Seigo enjoyed throwing a ball, holding his snack bags and other activities but Yukako shares, “The original design had some problems. It was heavy and it was very easy to break and lacked some parts. It needed to be fixed 5 or 6 times in that year. It had no color and it didn’t look very cool and that is why I decided to contact e-NABLE. I needed some advice.”
In early January of 2015, Yukako was excited to be connected to two e-NABLE volunteers in Japan through the matching system. “Mr. Kojima and Mr. Tobias listened to our story and took on the challenge to 3D print a better and stronger device for Seigo,” shares Yukako, ” We got the new hand last summer (they printed him a Cyborg Beast design) and it looks very cool, is much lighter and it is going very well so far!”
Recently, Seigo has been learning how to play Ayatori (or Cat’s Craddle) with his new Cyborg Beast e-NABLE hand. Ayatori is a traditional Japanese game that uses a piece of string that requires both hands and all 10 fingers. Yukako writes, “I was surprised and felt happy because I was always thinking this would be impossible for him! It is very difficult but it is a great challenge for him!”
Seigo was blessed with a mother who had a dream for her child and stopped at nothing to see that dream come to fruition. Thankfully, she does not have to do this alone anymore! Our e-NABLE Community is here to help with guidance, support and printing needs as well as offering a wealth of resources to help all parents and children who have upper limb differences (that are compatible with the available designs), to obtain a “Helping Hand.”
Thanks to the e-NABLE Community of volunteers, the original mechanical hand design has come a very long way over the past 2 years!
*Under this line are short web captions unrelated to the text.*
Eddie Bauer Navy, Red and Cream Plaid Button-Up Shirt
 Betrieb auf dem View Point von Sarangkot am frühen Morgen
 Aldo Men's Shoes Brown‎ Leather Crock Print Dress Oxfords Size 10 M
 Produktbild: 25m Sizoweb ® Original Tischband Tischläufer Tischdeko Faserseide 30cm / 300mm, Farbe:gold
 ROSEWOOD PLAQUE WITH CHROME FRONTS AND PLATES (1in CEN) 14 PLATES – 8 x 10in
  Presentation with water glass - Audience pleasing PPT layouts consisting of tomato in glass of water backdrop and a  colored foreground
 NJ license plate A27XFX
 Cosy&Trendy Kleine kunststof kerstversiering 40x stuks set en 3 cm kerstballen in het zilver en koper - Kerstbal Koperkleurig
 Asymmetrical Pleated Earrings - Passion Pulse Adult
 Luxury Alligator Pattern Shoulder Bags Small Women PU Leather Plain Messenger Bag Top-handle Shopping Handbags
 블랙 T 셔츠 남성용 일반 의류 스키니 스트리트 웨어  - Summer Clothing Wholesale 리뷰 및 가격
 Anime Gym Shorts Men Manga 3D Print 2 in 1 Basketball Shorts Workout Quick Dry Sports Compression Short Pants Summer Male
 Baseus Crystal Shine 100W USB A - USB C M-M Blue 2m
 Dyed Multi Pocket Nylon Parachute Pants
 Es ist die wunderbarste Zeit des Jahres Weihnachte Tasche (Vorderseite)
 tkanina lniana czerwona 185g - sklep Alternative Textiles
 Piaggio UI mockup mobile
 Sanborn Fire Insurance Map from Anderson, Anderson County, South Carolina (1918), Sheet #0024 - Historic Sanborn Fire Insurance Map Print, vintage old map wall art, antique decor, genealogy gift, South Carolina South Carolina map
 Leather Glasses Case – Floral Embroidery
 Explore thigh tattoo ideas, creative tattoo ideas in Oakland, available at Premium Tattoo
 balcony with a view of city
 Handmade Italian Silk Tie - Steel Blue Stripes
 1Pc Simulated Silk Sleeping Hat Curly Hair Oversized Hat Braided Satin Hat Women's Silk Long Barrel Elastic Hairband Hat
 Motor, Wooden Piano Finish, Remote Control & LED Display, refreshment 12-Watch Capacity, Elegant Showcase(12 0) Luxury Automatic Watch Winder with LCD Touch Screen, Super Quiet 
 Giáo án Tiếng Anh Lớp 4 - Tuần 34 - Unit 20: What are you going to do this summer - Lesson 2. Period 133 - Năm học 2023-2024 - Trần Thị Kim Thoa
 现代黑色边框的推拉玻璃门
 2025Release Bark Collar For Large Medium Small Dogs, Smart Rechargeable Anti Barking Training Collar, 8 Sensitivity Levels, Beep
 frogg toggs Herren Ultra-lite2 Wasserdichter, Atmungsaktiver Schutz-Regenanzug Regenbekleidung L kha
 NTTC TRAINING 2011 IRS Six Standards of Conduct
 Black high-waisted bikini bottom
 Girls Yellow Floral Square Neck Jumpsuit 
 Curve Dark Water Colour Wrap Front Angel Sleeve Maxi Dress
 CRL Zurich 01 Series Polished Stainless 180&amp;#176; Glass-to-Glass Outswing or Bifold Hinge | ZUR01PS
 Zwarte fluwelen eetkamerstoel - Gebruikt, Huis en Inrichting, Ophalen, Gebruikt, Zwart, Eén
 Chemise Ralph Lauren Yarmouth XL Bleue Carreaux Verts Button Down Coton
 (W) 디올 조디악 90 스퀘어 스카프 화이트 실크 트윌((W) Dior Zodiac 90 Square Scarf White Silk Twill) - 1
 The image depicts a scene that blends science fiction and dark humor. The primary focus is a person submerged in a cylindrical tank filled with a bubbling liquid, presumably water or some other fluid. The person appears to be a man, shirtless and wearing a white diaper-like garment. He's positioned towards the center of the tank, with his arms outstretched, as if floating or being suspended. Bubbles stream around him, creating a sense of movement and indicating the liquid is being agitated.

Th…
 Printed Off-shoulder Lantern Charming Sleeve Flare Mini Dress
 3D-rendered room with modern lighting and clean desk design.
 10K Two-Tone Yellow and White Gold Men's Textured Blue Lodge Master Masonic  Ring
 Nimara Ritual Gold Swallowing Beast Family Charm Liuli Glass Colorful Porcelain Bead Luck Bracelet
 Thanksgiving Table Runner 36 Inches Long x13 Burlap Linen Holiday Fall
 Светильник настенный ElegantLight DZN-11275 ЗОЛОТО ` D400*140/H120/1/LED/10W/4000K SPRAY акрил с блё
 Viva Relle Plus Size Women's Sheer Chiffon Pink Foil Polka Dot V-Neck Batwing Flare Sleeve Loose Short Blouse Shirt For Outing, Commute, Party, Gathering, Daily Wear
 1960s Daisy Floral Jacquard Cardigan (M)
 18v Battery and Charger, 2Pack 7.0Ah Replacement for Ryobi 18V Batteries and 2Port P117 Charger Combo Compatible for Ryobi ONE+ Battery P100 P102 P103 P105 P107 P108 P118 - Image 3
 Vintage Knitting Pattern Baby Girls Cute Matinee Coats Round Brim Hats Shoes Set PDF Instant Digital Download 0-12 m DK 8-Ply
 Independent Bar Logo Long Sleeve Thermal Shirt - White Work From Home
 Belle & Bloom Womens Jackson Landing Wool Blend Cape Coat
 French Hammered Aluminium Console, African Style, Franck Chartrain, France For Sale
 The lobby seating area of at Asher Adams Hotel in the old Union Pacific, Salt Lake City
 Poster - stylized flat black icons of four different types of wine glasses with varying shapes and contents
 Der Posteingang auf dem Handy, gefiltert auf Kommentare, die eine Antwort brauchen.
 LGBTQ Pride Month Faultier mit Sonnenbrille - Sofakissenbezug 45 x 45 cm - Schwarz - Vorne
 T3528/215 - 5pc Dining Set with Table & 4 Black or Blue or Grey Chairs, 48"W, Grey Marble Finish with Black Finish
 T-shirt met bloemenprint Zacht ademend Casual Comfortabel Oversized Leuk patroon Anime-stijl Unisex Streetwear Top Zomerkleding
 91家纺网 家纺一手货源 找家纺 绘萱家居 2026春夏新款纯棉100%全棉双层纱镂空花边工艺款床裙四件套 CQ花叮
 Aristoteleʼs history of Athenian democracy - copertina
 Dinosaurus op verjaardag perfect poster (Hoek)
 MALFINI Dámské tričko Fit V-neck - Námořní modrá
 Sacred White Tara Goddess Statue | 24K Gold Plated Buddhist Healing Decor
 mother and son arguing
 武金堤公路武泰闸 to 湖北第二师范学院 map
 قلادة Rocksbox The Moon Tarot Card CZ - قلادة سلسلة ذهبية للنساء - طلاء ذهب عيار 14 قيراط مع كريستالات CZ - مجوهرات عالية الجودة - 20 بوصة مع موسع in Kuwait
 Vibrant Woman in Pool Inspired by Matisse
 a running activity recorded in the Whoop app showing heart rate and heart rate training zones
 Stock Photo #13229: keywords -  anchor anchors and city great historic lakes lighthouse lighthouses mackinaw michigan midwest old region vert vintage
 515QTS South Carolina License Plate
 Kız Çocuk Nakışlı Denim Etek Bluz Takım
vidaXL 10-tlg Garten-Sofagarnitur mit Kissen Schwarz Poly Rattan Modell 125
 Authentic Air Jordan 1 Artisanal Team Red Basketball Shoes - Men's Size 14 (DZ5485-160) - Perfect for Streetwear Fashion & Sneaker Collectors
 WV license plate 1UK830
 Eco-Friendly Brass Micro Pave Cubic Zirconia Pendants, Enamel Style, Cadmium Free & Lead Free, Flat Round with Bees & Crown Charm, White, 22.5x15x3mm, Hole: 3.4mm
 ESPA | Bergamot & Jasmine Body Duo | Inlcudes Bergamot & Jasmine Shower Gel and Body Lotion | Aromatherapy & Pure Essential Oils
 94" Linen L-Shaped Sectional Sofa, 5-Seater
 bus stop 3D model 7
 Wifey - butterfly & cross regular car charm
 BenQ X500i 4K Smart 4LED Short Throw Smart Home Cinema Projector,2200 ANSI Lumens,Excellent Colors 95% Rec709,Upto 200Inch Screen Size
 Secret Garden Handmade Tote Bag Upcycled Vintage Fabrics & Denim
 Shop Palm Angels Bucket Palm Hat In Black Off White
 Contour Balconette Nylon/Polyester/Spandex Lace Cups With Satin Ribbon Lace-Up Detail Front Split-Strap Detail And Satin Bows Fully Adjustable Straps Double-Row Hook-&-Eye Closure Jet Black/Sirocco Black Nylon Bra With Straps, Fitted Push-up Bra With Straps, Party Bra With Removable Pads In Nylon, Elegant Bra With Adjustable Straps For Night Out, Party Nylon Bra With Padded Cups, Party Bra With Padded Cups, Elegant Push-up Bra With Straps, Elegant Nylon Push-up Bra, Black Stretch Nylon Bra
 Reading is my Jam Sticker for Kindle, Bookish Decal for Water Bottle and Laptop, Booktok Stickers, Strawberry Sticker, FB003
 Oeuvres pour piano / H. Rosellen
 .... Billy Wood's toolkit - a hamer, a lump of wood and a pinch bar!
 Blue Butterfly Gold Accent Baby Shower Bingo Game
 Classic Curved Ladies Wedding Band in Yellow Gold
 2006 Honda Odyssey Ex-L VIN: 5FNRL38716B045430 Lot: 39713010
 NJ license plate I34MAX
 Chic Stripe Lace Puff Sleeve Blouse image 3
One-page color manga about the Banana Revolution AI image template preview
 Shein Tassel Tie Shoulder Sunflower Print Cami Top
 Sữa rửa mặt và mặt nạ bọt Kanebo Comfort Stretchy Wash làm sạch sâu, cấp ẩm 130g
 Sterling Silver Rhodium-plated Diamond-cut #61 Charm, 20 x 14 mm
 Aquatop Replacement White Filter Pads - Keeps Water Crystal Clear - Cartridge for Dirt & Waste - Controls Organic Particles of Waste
The members of this wonderful global village, continue to donate their time, talents and resources to constantly re-work the older designs to make them easier to assemble and adjust the designs to attempt to reduce the cost of the materials needed to produce them, so that other families can create these on their own.
If you are in need of an assistive device for you or someone you know, please visit our “Need a Hand” page and if you are interested in helping to create a hand for someone else, please sign up to volunteer here.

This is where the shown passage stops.